Santri Jangan Mau Kalah dengan Mbah Google
Keberadaan Pondok Pesantren di Indonesia sekarang ini
sudah sangat banyak, perannya dalam berbangsa dan bernegara juga sangat
diperhitungkan. Dari sekian banyak pesantren yang tersebar di Indonesia
tentunya banyak menghasilkan alumni-alumni yang tidak sedikit pula. Ketika
mereka sudah tiba di tengah-tengah masyarakat, tentunya juga di harapkan peran
dan kepeduliannya terhadap urusan-urusan agama di daerahnya masing-masing,
syukur-syukur tidak hanya dalam masalah agama.

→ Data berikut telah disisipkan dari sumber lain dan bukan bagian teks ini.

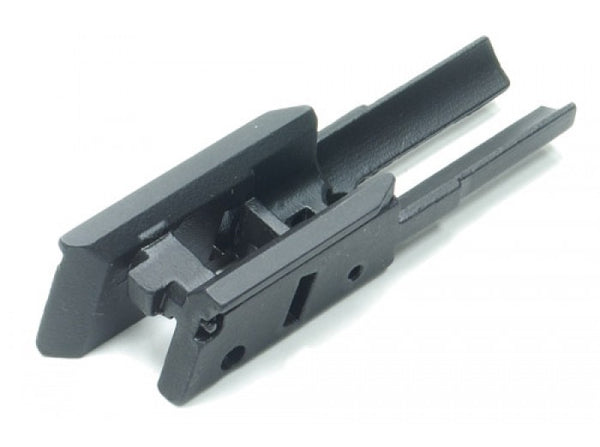 Guarder Steel Rail Mount for TM G26/KJ G27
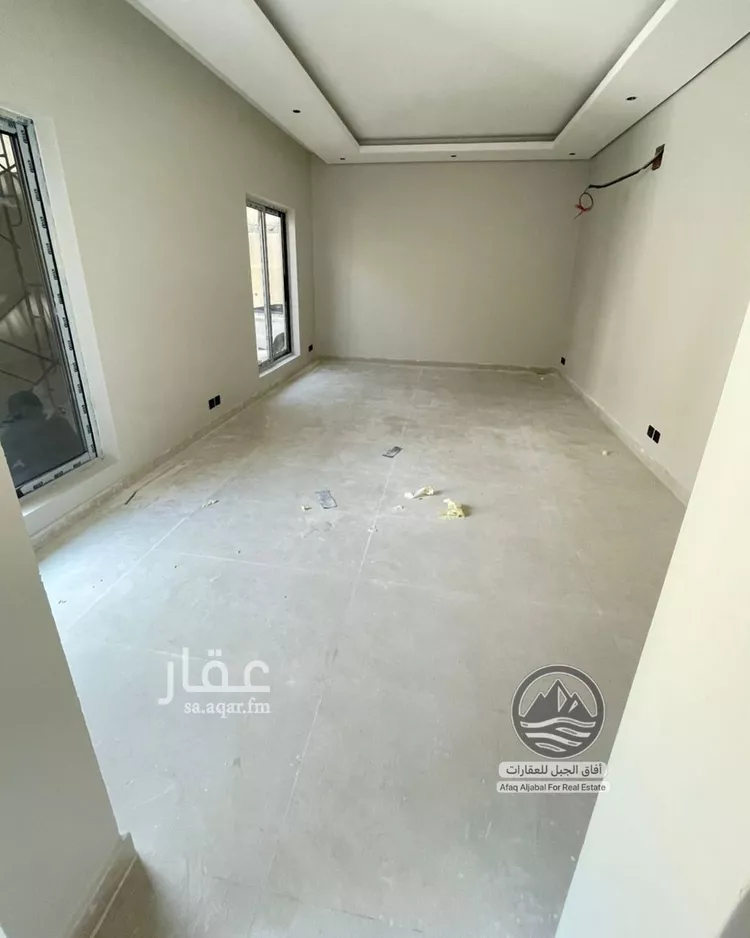 دور للبيع في شارع ابن القفال, حي العليا, مدينة الرياض, منطقة الرياض صورة 3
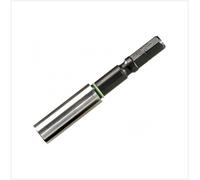 Festool Porte-embouts magnétique BH 60 CE-Imp ( 498974 )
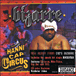 Bizarre&nbsp;-&nbsp;Hanni cap circus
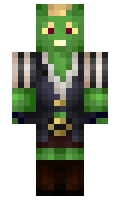 9b7c05f0c65ad5 minecraft skin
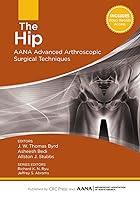 Algopix Similar Product 6 - The Hip AANA Advanced Arthroscopic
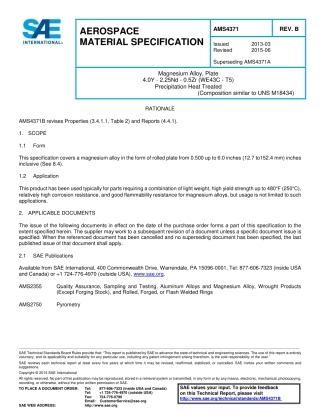 SAE AMS 4371B-2015.pdf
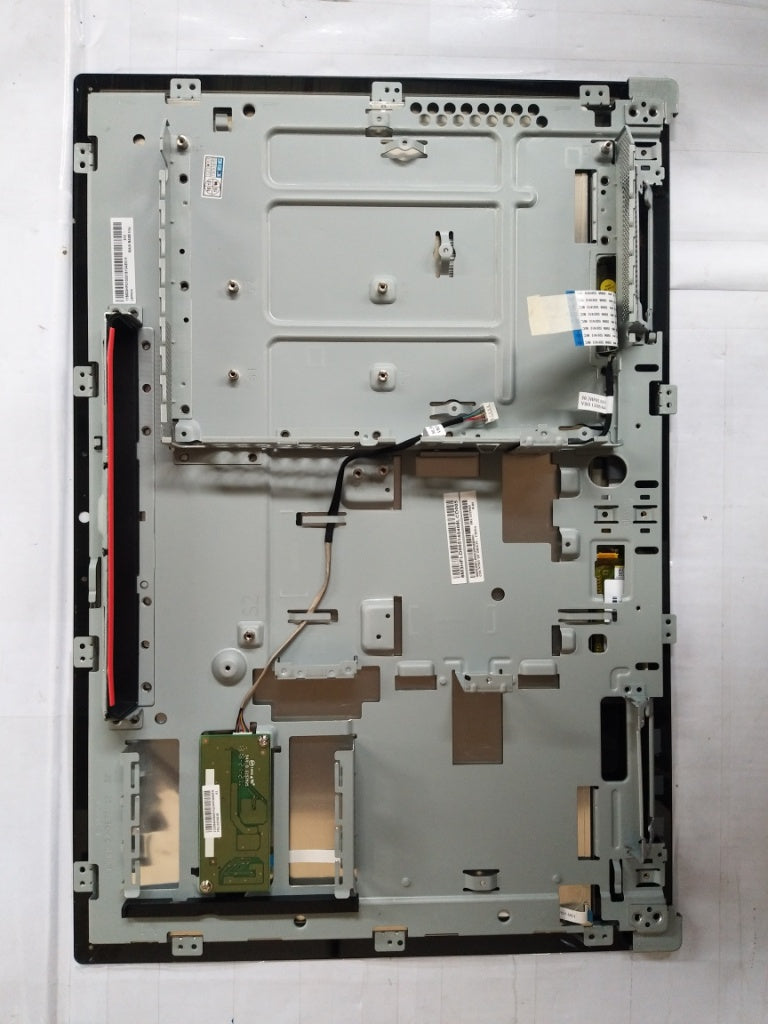 Lenovo Part - 03T9969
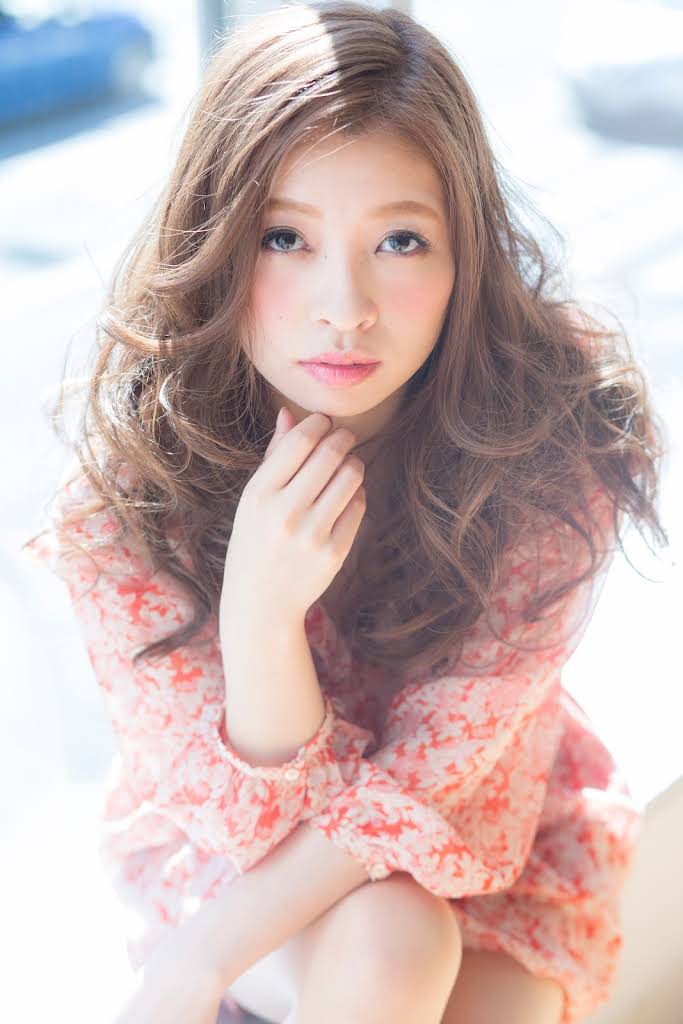 Images ノブヘアーデザイン伊勢佐木町店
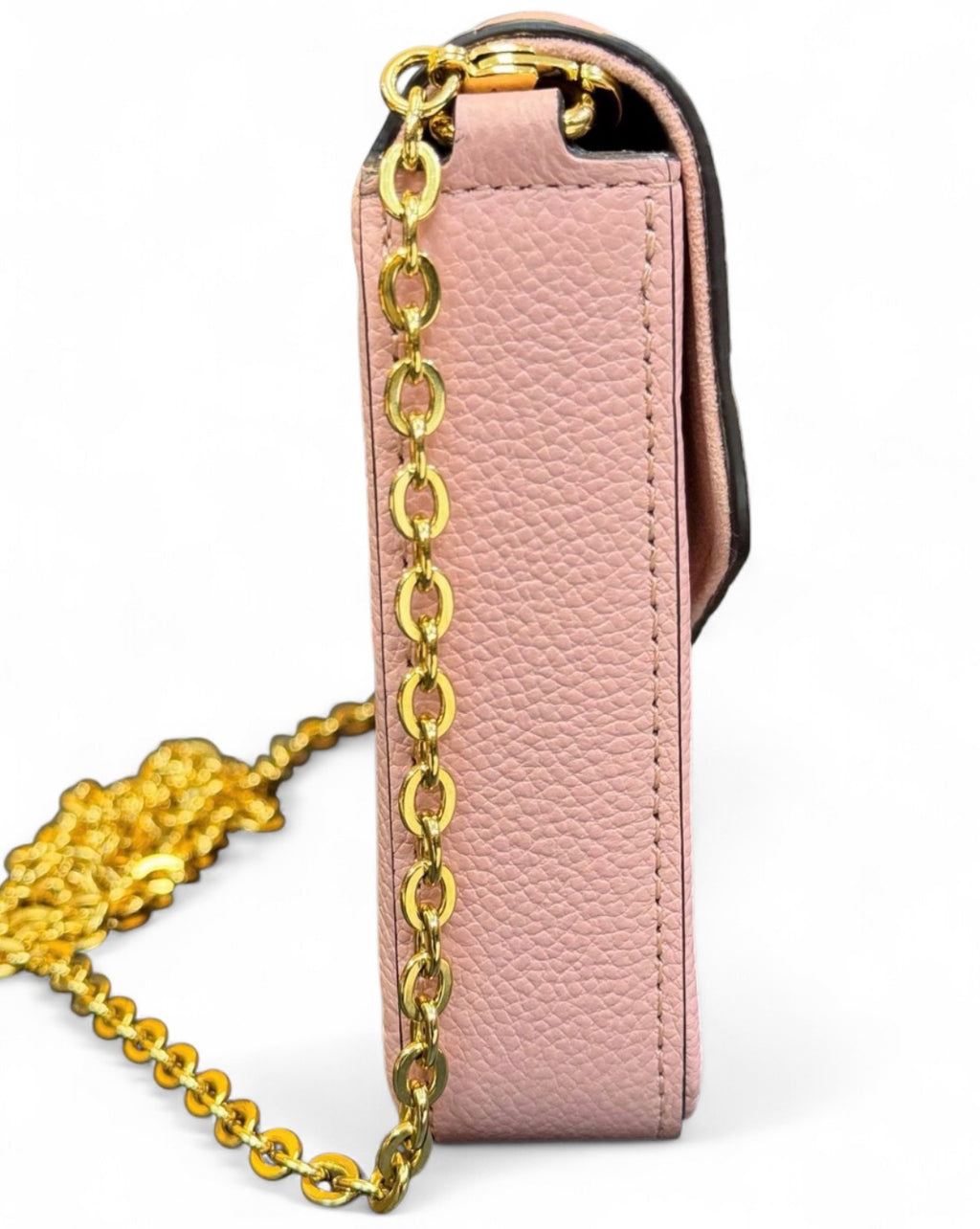 Bag LV Pochette Felicie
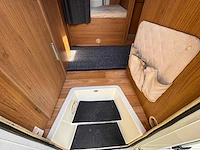 Mercedes-benz camper - afbeelding 8 van  31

Peran keagamaan santri harusnya maksimal, karena era
ini santri menghadapi gelombang pergeseran nilai di tengah-tengah masyarakat
akibat perkembangan teknologi. Santri harus hadir dan mampu memberikan
pencerahan komprehensif kepada masyarakat tentang keagamaan.

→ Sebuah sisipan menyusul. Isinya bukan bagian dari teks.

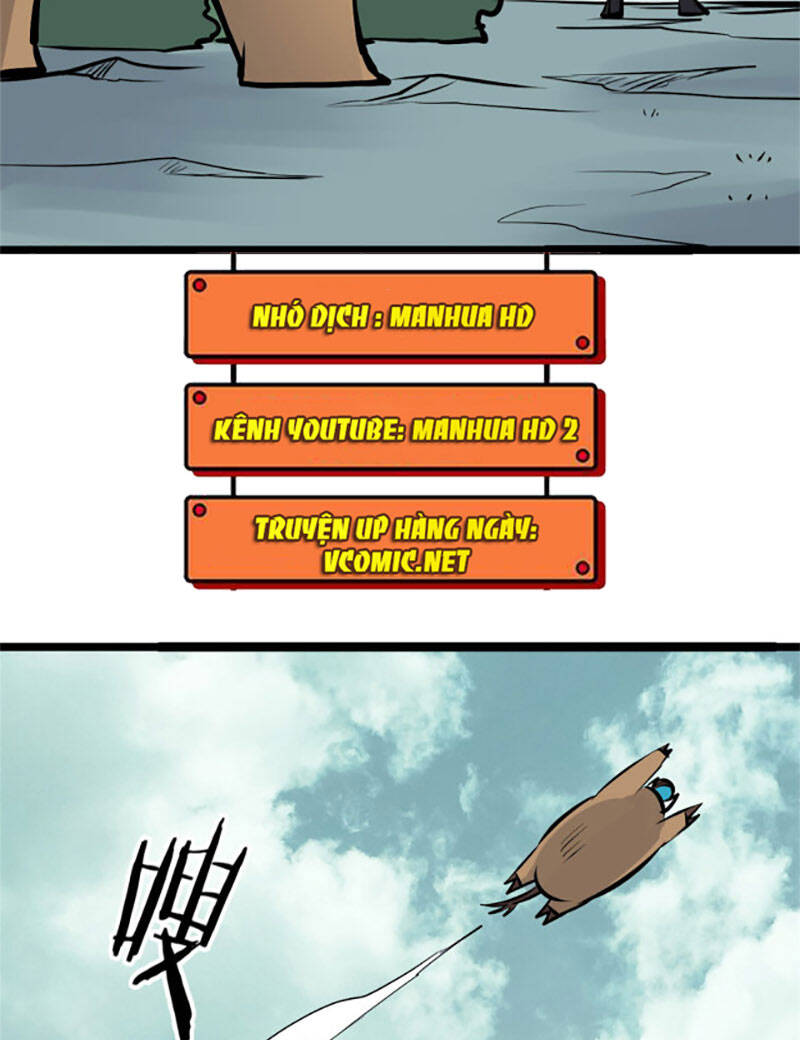 Vạn Cổ Tối Cường Tông Chap 108 - Next Chap 109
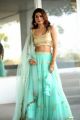 Actress Payal Rajput Photos @ KLM Fashion Mall Launch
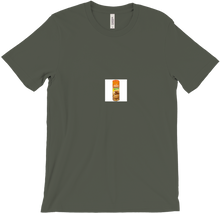 einfachshadi T-Shirts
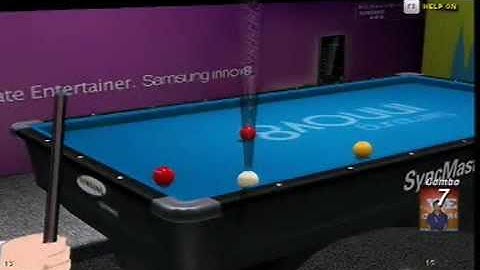 2008GFfourth day:C3D 08 match:KEnSin vs InmORtall R1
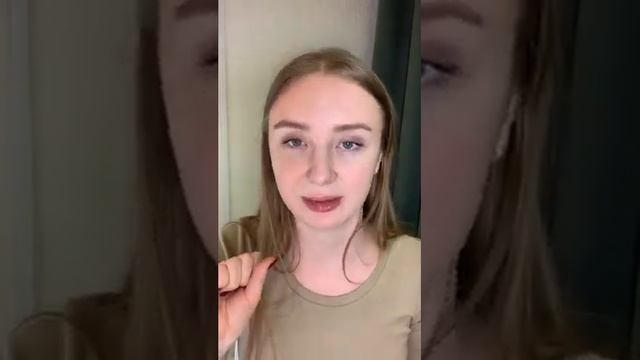 САЛОН ИЛИ АРЕНДА | КАК привлечь клиентов бьюти мастерам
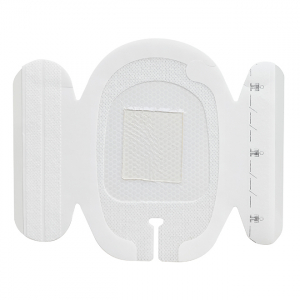 BOENMED® CHG Impregnated Dressing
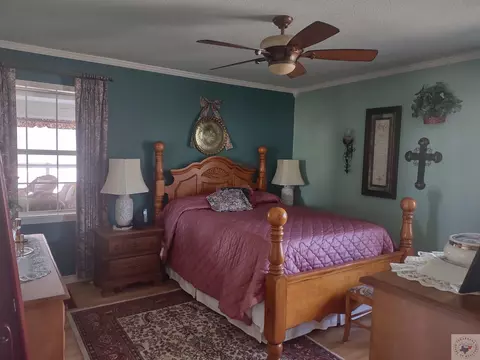201 Rex Ave Hooks Tx 75501, Hooks, TX 75561 photo 6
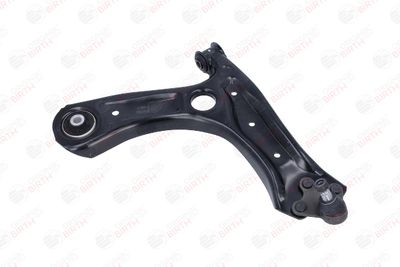 BRAT SUSPENSIE ROATA BIRTH BR2066 3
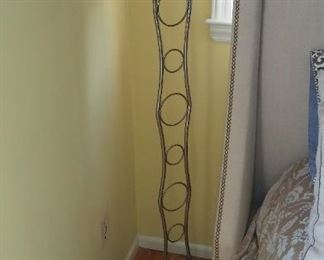 3 Way Floor Lamp, 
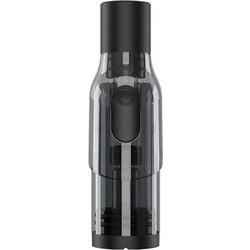 Joyetech Εgo Air 1.0ohm 2ml Pod Δεξαμενή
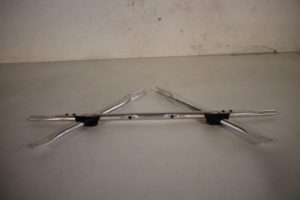 17825465 – 4K0801223A – Stütze (sonstige)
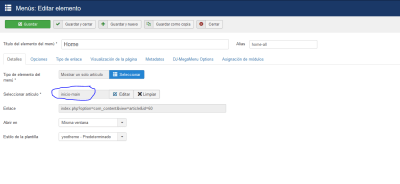 web 4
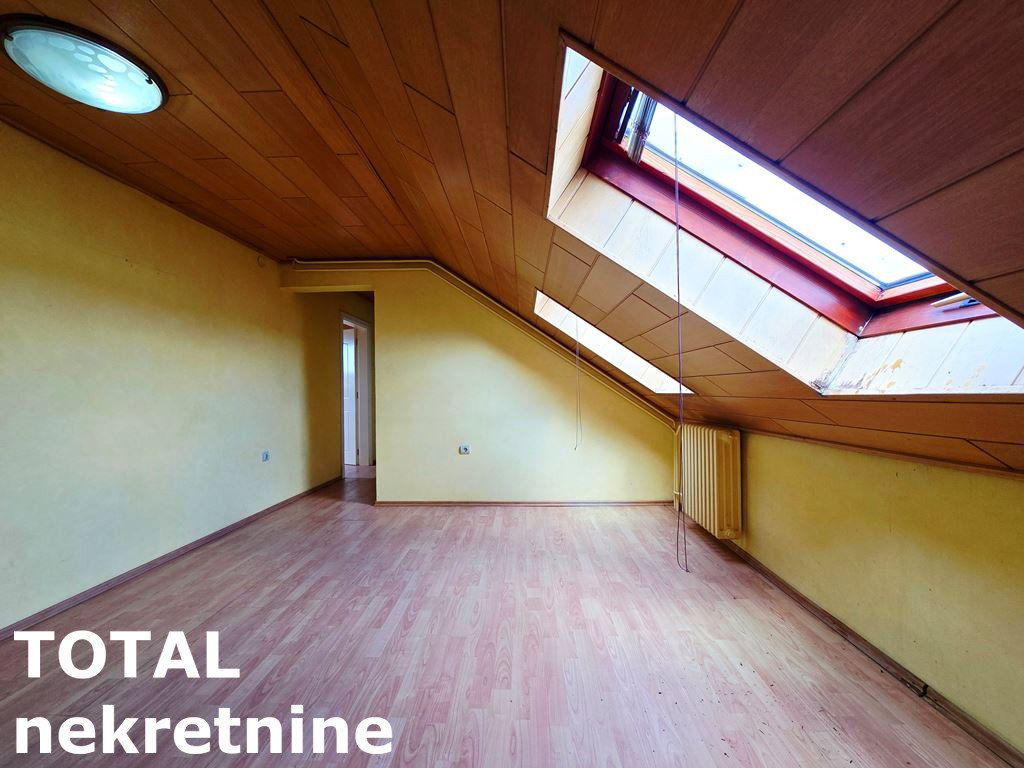 stanovi-5-dx-kej-1065183-hlzvj Petosoban stan na prodaju, Centar, Novi Sad, 179m², 400.000 €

Santri harus bisa menjaga masyarakat jangan sampai mereka teracuni oleh
perkembangan teknologi dengan menanyakan masalah diniyah (keagamaan) melalui
internet (baca; mbah google wa akhowatihi). Jangan sampai masyarakat lebih
percaya kepada mbah google wa akhowatihi dari pada santri yang
sanad keilmuannya jelas.
Sebenarnya tidak masalah sih mencari-cari pengalaman
atau informasi keagamaan lewat dunia maya baik lewat search Google atau yang
lainnya seperti lewat media-media sosial, hanyasaja perlu dikaji lagi tentang
kebenaran suber-sumbernya.
Begitupun dalam menghadapi berita palsu (hoax)

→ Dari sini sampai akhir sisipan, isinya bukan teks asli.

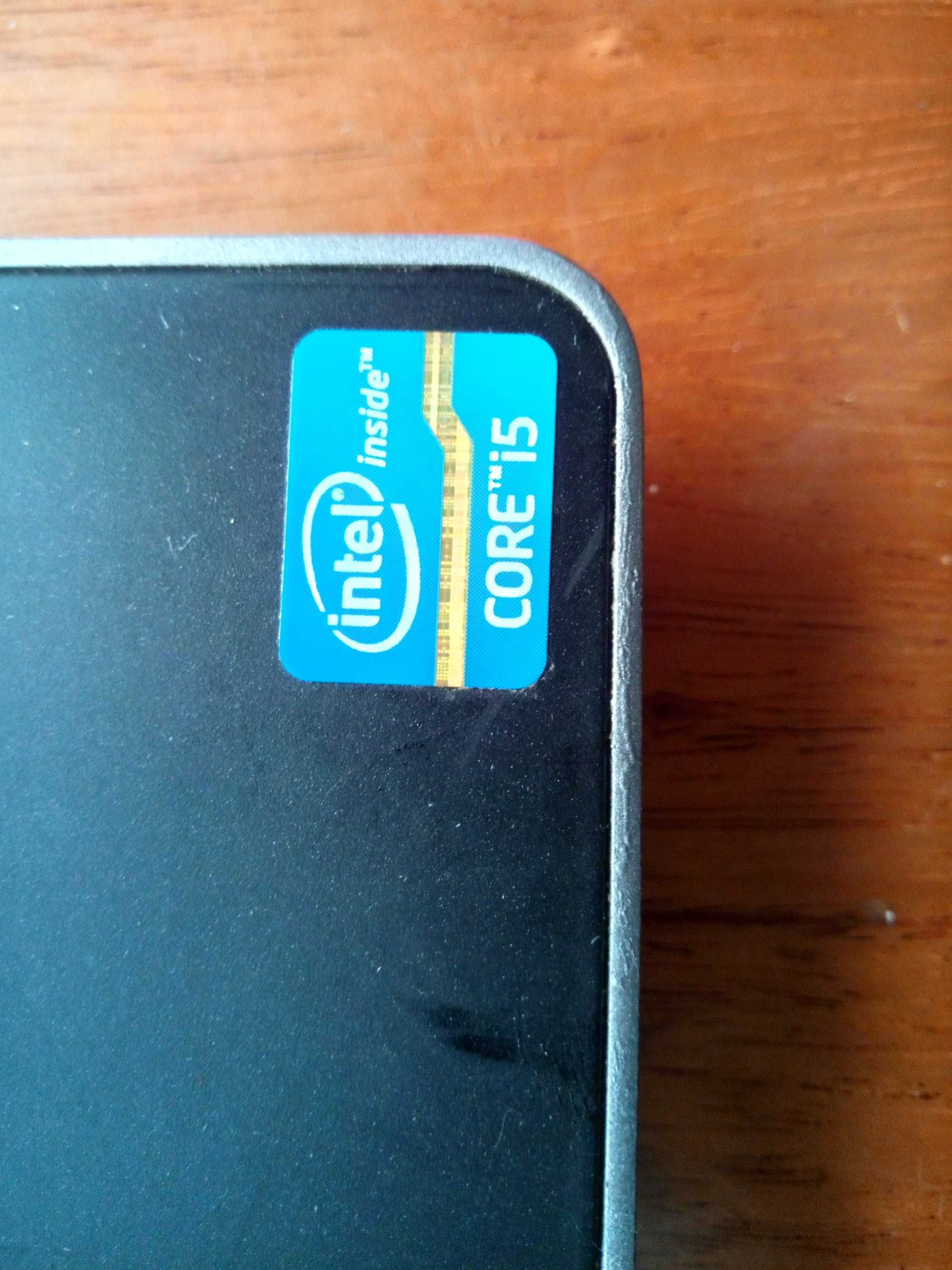 Продам Ноутбук Dell Latitude E6430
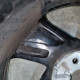 4x100 R16 6.5J ET48 54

yang sering muncul di internet, khususnya di media sosial, Santri harus bisa
berperan memberikan penjelasan untuk meluruskan pemahaman masyarakat dengan
memberikan konten-konten penangkal yang sehat. Jangan malah ikut terombang
ambing, itu santri kalah dan keinjik-injik namanya.
Untuk itu santri harus terus tekun belajar dan menambah wawasan keagamaaan
(meskipun sudah tidak di pesantren lagi) dari sumber-sumber yang valid, dari
al-Qur’an, kitab-kitab Hadits dan kitab-kitab hasil ijtihad para ulama yang
kredible dan diakui keilmuannya, juga diketahui dari mana dia belajar, karena
agama harus di ambil dari orang-orang yang jelas keilmuannya. ”Sesungguhnya
ilmu ini adalah agama, maka lihatlah dari siapakah kalian mengambil agama
kalian”. [Muhammad ibn Sirin Diriwayatkan oleh Muslim].